It was so hard on me when I lost my Nancy, but maybe made twice as hard by little Nicholas Loyola stumbling into that pool less than a day later. I hadn't even got my own news out to everyone before they were all flocking over to comfort poor, poor Sandra Loyola and her husband, Bill, who we all used to make fun of behind his back because he always seemed a bit confused when a joke came up, never knowing whether to laugh or not, and when.

It's no surprise, really, I shouldn't have been so worked up over it. The people I was telling, well, they hadn't seen me in months, probably, and they were sad to hear, but Sandra, they saw her at yoga class, at the supermarket, at dinner parties, at whatever it was my college friends were so busy with those days, anyway.

I do see them at the shops sometimes, but I always duck out before a situation can arise. It's much too embarrassing, really, watching them hesitate, should I hug her, do I shake her hand, do I kiss her, I used to kiss her, but do I now? Promising that they'll call me soon and then remembering later why they stopped calling me in the first place. I prefer to just avoid the whole thing.

Well, that day when I was mugged for the second time since I started making money, I was in a shop where I knew the man who worked at the counter, but I didn't think he'd recognize me anyway, so I kept shopping and just didn't look at him.

And what a quaint little place it was, all feathered hats and strappy shoes, leather belts. Not the sort of place I'd normally just muck about in without any real business, but that day, I fancied a new hat.
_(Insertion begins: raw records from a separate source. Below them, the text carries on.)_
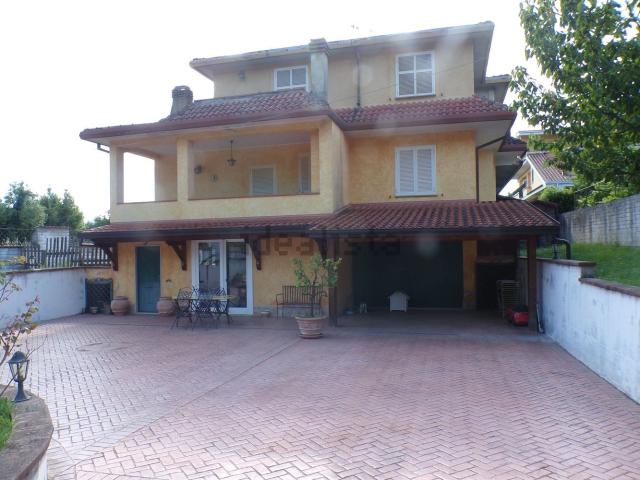 Casa in affitto a De Matthaeis, Frosinone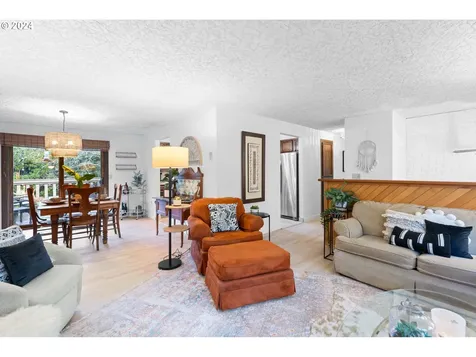 1917 SE 131st Avenue Vancouver WA 98683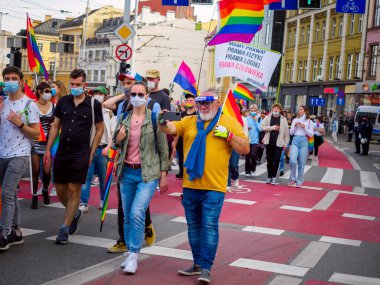 Wroclaw, Polonya, 03 Ekim 2020 - Wroclaw şehir merkezinde lgbt eşitlik yürüyüşü. Igbt gökkuşağı bayraklı bir sürü insan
Unfortunately, hat stores are known to be rife with mirrors, one of which took me rather off-guard as I entered, because since Tom had left I'd only been looking at myself in mirrors before leaving the house, and even then, only in the most preparedly pleasing expression, hair strewn over half of my face. But in the shop mirror, well, there I was, all sunken cheeks and thin neck in my felty, cream coloured jacket. I blinked at how thin I looked, flexing and unflexing my abdomen under the jacket. Oh, it was a rather good jacket, really, especially on the arms. Well hidden were my hulking, muscle-taut shoulders, or, as Tom had called them, my man shoulders. The woman in the mirror rolled her eyes at the thought, but they watered for a second, real pain. Well, maybe he was right, no one liked a lady with shoulders like a well-trained bull. I'd caught people staring before when I wore sleeveless dresses or t-shirts.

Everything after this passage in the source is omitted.